Stern warnings were issued and the CMA implemented new rules on disclosure in 2002 requiring companies to present complete information about their boards and executives. But while the regulator acknowledged that the legal system needed a few criminal trials to deliver the message, it has so far sought only out-of-court settlements. “There haven’t been any serious penalties,” says a local investor. “You don’t see anyone going to jail.”
Capital Market Law 95/1992 criminalizes insider trading, defined as the purchase or sale of shares using non-public information. Violators are liable to a fine of up to LE 20 million and a minimum prison sentence of two years. The fine was previously LE 20,000 to LE 50,000 – a mere slap on the wrist – until parliament passed an amendment in June raising the amount. The same amendment also broadened the statute to include receiving insider information and then trading to profit or prevent losses, whereas previously the law only covered the person who divulged company secrets.
Yet the law has never been tested. Despite plenty of investigations, in the 16 years since the legislation was passed there has not been a single conviction. A few successful cases could send a strong signal to the market and discourage illegal trading practices, market experts say. “The only way to control such a thing is to apply the law seriously,” argues Ashraf Safy El Din, a board member of Al Shorouk Brokerage. “Just one or two cases in the newspaper that someone is charged with [insider trading] and goes to prison for 5 to 10 years [will discourage white-collar crime].”
A company’s officers, board members and other “insiders” may own shares in their firm, but capital market regulations require that they buy and sell on the basis of information that is available to the general public. A CEO, for example, cannot buy shares ahead of a merger he is about to announce. It would also be illegal to “tip” his cousin to buy shares.
According to CMA officials, company insiders are barred from trading their own stocks 15 days before and three days after the disclosure of information that could move share prices. Trades outside this window require that they notify the Cairo & Alexandria Stock Exchanges (CASE), which compiles this activity into a daily report published on its website, a common international practice.
Investors scrutinize these reports, viewing them “as an indication of how things are going within a company,” says Mohamed Taymour, head of Egypt’s Capital Market Association, a local NGO representing the securities industry.

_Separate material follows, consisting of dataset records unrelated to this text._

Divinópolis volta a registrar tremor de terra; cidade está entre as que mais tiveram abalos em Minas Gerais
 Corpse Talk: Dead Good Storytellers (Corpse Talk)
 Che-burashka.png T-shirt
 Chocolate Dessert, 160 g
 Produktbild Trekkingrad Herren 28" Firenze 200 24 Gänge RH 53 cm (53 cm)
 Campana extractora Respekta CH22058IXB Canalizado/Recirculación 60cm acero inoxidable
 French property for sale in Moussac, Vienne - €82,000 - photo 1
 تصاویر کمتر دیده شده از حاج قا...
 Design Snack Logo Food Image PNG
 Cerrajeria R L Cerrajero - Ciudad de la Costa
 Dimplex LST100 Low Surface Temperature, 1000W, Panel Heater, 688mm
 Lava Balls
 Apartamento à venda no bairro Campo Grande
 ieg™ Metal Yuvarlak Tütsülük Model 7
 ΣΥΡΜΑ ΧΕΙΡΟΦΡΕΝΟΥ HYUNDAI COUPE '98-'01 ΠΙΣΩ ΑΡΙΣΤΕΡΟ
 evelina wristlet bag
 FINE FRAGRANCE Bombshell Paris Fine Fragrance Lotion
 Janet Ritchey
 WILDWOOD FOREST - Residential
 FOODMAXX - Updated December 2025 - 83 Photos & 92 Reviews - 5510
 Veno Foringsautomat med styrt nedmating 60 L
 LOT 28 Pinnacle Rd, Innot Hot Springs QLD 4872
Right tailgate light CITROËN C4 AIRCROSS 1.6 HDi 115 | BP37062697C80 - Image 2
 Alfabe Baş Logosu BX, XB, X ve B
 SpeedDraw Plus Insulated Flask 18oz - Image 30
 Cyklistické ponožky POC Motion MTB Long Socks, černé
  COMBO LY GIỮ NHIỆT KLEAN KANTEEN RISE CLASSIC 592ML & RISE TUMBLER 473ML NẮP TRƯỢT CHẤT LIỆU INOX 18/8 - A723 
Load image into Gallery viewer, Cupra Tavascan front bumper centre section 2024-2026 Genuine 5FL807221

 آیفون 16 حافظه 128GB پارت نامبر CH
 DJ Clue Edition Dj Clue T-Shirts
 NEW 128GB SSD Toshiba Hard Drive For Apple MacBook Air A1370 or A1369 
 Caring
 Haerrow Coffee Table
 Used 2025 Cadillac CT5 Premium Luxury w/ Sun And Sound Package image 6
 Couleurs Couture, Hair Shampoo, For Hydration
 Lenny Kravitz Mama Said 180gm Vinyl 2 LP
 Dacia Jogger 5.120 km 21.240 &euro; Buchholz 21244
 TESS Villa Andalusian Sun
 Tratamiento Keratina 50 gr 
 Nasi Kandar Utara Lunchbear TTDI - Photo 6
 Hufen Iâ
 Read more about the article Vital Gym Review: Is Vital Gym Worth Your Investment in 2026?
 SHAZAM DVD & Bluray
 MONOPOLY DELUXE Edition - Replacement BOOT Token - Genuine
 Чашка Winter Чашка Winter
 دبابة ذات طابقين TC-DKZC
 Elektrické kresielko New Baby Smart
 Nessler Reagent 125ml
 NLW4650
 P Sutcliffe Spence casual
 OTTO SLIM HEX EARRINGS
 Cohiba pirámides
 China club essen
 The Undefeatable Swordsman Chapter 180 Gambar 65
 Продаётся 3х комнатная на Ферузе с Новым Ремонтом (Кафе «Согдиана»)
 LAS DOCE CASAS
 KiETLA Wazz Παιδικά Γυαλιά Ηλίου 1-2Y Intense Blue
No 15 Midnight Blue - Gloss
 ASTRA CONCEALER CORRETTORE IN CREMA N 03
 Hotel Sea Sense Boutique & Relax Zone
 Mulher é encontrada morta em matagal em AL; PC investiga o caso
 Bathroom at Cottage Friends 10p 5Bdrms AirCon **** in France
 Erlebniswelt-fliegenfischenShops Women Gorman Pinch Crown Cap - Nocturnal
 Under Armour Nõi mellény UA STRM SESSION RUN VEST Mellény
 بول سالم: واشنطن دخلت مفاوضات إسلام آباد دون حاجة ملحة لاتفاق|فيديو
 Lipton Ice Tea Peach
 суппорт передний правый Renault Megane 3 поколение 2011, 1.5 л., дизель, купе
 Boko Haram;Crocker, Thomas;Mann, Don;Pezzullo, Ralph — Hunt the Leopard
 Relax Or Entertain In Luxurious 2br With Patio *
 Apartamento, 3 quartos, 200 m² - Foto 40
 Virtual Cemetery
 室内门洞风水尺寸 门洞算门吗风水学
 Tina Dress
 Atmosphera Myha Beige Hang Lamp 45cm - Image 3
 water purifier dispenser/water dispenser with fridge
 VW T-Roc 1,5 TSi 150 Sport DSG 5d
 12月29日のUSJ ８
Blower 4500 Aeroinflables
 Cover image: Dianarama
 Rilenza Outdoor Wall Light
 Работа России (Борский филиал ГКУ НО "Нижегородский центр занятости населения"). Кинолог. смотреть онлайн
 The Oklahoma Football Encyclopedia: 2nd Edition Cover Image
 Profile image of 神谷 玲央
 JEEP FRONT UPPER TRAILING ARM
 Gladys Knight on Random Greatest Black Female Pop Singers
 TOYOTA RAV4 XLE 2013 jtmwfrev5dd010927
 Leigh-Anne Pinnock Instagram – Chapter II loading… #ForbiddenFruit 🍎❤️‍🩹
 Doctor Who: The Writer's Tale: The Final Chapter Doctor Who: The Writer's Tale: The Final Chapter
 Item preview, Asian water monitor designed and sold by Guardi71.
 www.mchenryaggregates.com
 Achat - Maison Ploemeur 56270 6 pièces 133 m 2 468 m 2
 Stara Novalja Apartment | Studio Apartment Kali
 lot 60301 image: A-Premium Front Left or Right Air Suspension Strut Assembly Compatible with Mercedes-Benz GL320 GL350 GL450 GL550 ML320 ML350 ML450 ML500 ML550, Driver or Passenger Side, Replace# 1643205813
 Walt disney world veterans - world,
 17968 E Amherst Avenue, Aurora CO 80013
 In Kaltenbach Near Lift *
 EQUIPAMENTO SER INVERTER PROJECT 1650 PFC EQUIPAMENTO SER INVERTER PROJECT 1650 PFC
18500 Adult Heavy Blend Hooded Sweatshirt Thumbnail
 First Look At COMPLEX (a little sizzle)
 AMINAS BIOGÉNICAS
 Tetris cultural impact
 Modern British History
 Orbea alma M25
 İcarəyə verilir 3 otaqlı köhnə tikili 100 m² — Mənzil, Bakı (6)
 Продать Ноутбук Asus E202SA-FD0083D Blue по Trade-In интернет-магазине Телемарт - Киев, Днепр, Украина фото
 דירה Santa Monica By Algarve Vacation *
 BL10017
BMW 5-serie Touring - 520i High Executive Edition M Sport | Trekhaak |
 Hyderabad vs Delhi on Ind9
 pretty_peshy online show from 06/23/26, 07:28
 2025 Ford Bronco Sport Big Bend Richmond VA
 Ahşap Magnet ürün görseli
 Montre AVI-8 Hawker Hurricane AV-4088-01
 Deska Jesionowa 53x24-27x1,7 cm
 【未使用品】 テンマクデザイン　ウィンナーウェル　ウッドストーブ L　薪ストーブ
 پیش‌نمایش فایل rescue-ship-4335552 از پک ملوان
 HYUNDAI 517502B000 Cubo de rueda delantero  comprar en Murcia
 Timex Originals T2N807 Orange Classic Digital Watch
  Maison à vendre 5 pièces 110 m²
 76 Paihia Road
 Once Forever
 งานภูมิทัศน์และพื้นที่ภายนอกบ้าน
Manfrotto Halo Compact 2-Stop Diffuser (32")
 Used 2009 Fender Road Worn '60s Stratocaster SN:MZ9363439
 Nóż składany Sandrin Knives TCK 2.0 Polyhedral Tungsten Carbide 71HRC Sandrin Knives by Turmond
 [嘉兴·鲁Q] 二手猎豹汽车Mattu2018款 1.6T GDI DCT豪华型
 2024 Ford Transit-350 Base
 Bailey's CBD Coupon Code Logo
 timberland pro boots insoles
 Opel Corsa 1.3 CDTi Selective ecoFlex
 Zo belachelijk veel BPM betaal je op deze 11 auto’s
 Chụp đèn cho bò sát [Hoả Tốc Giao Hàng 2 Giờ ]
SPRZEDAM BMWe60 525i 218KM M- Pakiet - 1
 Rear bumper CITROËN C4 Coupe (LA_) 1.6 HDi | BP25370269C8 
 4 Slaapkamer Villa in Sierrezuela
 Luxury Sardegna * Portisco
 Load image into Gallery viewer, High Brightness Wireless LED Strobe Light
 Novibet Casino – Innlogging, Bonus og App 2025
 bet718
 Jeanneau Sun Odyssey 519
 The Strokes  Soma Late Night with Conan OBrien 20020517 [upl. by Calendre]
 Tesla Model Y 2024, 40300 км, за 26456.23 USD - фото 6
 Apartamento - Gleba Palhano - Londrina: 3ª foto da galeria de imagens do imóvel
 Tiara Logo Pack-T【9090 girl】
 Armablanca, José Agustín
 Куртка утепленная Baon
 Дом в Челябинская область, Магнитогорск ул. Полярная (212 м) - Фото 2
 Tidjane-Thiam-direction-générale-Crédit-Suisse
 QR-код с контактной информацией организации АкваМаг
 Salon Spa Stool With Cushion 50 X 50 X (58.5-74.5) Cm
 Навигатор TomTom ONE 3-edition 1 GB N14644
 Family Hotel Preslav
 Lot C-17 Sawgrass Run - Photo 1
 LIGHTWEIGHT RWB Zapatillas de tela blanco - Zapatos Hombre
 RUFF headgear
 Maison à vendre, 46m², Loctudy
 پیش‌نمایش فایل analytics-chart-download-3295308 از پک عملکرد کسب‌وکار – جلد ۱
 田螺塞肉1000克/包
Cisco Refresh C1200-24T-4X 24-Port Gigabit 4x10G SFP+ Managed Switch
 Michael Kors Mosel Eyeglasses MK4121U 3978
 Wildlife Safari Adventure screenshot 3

So what’s all the fuss over insider trading? Stock markets function with the implicit understanding among parties involved that everyone has access to the same information. Illegal insider trading, on the other hand, stacks the deck against one party. “If I have a piece of information that I use to buy a stock because I know about the good news that’s going to be published, and then the stock goes up, the person I bought it from lost money,” Safy El Din says. “It’s basically stealing.”
A pattern of bad behavior and lack of transparency can sully a bourse’s reputation, causing investors to leave rather than play the odds.
Nevertheless, punishing white-collar crime is notoriously tricky, experts concede. “The problem is not with the definition or the penalties involved. Proving insider trading is a difficult task, and this is true at stock exchanges all over the world,” CASE chairman Maged Shawky told Business Monthly.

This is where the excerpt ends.